K-fold cross validation framework of tensorflow-based time series forecasting models for problems with hourly frequency and daily seasonality (e.g. Energy Prices, Solar Energy Production, Energy Load, etc...)
These instructions are valid for Linux Ubuntu 18.04 OS, but it should work on other OS with proper modifications.
After cloning or downloading this repository in a directory (DIR_MAIN, e.g. ~/Desktop/Projects) I strongly suggest to install virtualenv if not already present on your machine: it will help you setting up a project-specific python interpreter without installing packages system-wide. In order to install it, execute in a terminal (Ctrl-Alt-t):
sudo apt-get install virtualenv # install virtualenv
cd DIR_MAIN # cd to the repository directory
virtualenv venv # create the virtual environment
source ./venv/bin/activate # activate it
pip install -r requirements.txt # install the required packages
and you're all set.
This repository uses the CPU version of Tenforslow 2.1.0. but the GPU accelerated package tensorflow-gpu can be interchangeably used (the installation guide can be found here).
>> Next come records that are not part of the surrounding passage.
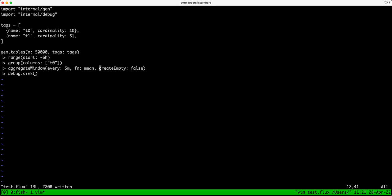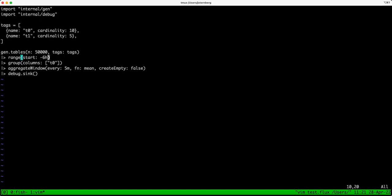CreateEmpty false does help improve the speed and probably should be the default, but it's not. This still performs fine with createEmpty true. The main reason I'm using false is because I haven't actually figured out how much data this is, and I don't want to create a bunch of empty windows since I don't know what the range is supposed to be.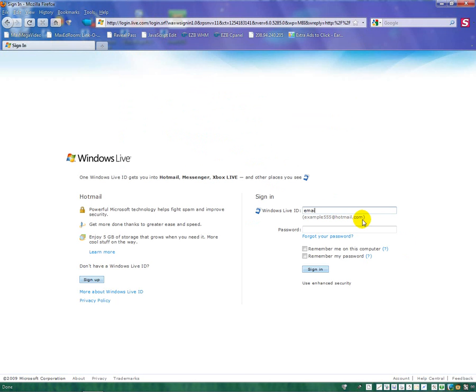In here, you'd type your email at bell.net if you had a bell.net account. I have a Hotmail, so I'm going to use that now.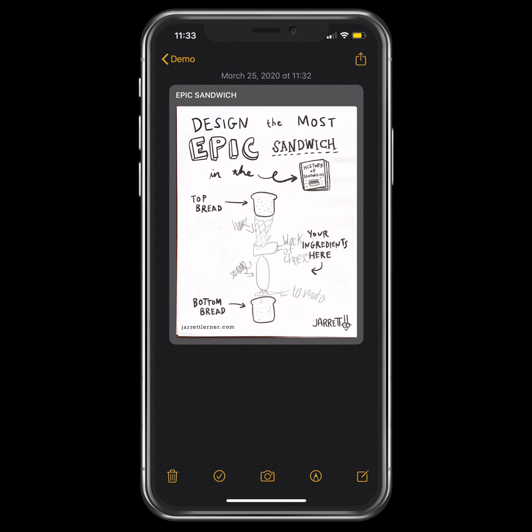These scans are better than sending a picture, because the iPhone will also scan the text in the document, so that can be read later and make it really easy for you to share your work. Hope that helps.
K-fold cross validation is a technique that allows to tune ML models' hyperparameters by splitting
- the dataset in a training and in a test set
- the training set in K equally sized sub-sets
Of the k sub-sets, one is retained as the validation data, and the remaining k − 1 are used as training data. The cross-validation process is then repeated k times, with each of the k sub-sets used exactly once as the validation data.
Once the process is completed, the performances of the selected combination of hyperparameters is given by the average of the performances on the k validation folds (one should also check that the variance of the performances on the k validation sets aren't too high, in order to confirm that the data is indipendent and identically distributed i.i.d).
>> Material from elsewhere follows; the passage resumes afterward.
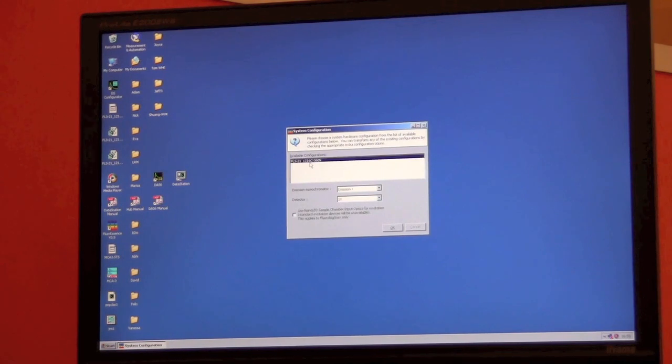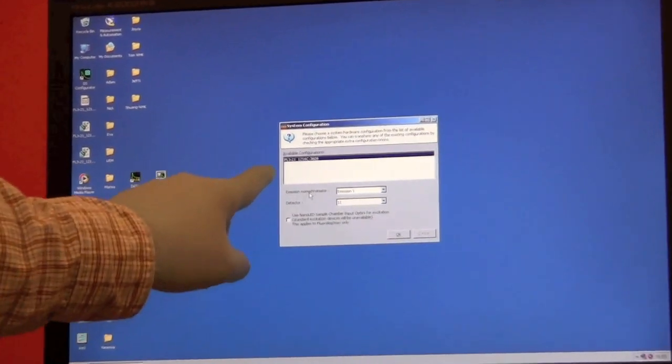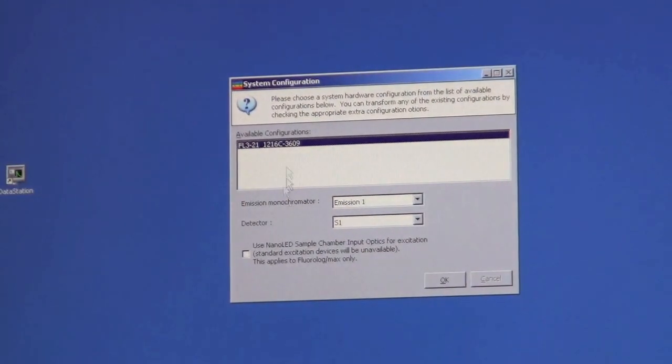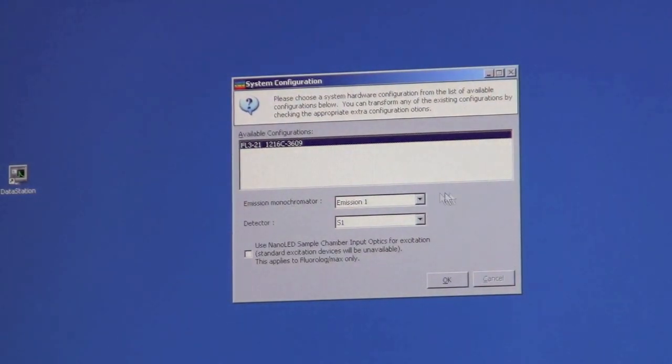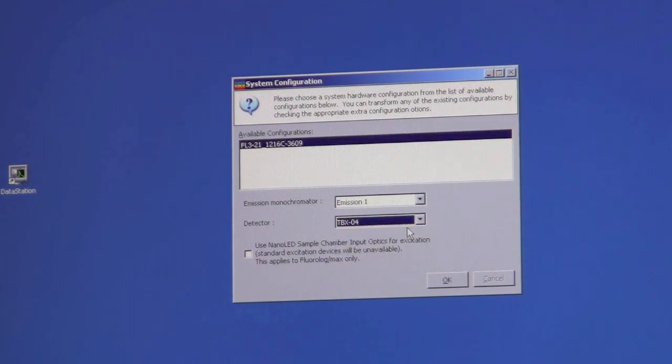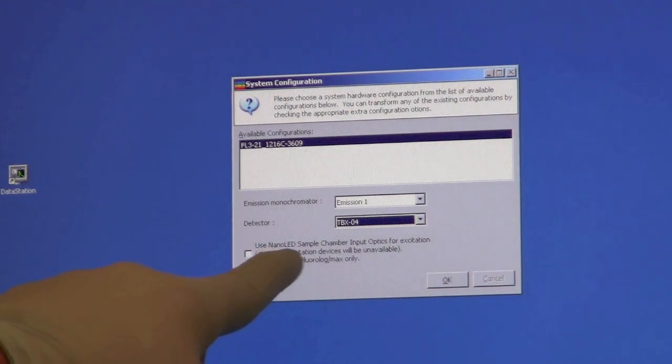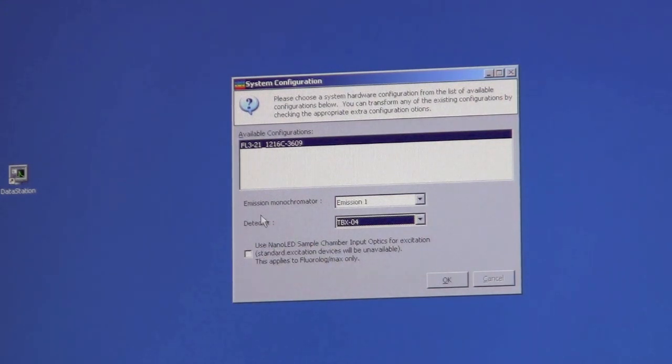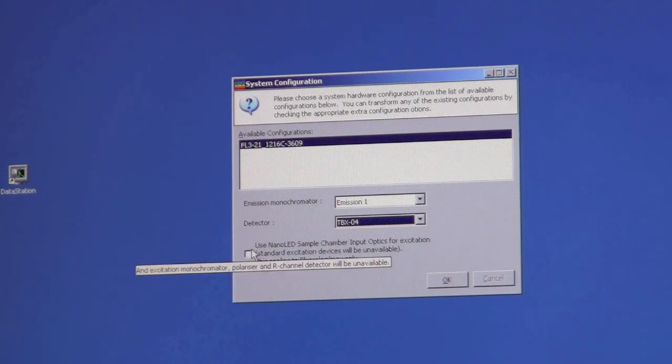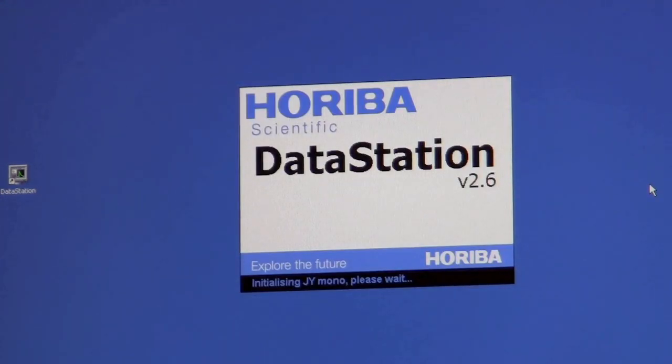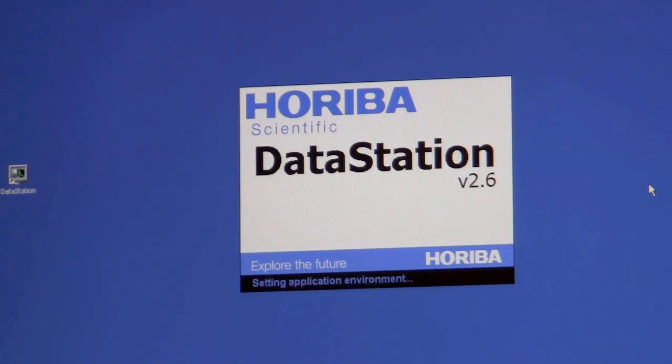To begin, we pick the FL3-21 configuration with Emission 1. The two most important parts are turning to the TBX-04 detector, and using the nano LED sample chamber. We need to click on both of these, and then the instrument will initialize.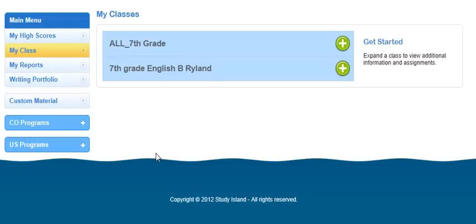Hello! Are you confused about how to access your blue ribbons on Study Island? Well, this video is really going to help clarify that for you.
This procedure allows to identify the best model architecture, and the overall model performances can be eventually evaluated on the test set. If overfitting of the validation sets didn't occur, the performances of the (k) validation and test sets should be similar.
When dealing with time series, a standard k-split of the training set would lead to the injection of informations from future time steps into the training set, leading to biased performance in all folds (except for the k-th one that uses past data in the training phase). Therefore an additional split in the training set is applied:
- The fraction of the dataset containing the least recent samples is identified and used for training
- The remaining dataset is sliced in k equally sized sub-sets and validation is performed on them starting from the least recent data. For every fold after the first one, the precedent fold is added to the training set.
From this point the process is similar to the standard one, with the evaluation of the average fold and test performances.
(I found this good and self-explanatory image here)
The current framework allows to perform time series k-fold crossvalidation on data with hourly frequency and daily seasonality.
In order to better unfold the hourly-specific dynamics, 24 hourly independent models are trained and validated on 6 validation folds following the procedure described in the previous subsection.
After setting the desired set of hyperparameters in the globals.py
file, open a terminal and type:
cd DIR_MAIN
source ./venv/bin/activate
python main.py
A dedicated folder for every run is created in the ./run folder, and data such as learning curves, metrics (MSE, MAE and MAPE)and weights are stored in it.
The training phase of every model saved in ./runs/RUN_DIR/HOUR_DIR can be monitored through Tensorboard, just open a terminal and type:
cd DIR_MAIN
source ./venv/bin/activate
tensorboard -logdir=DIR_MAIN/runs/RUN_DIR/HOUR_DIR
then open a browser and in the url box type localhost:6006
.
Hour-wise and overall metrics for every combination of hyperparameter are evaluated and stored in the metrics.csv
files
that can be found in ./runs/RUN_DIR_NAME and ./runs/RUN_DIR/HOUR_DIR.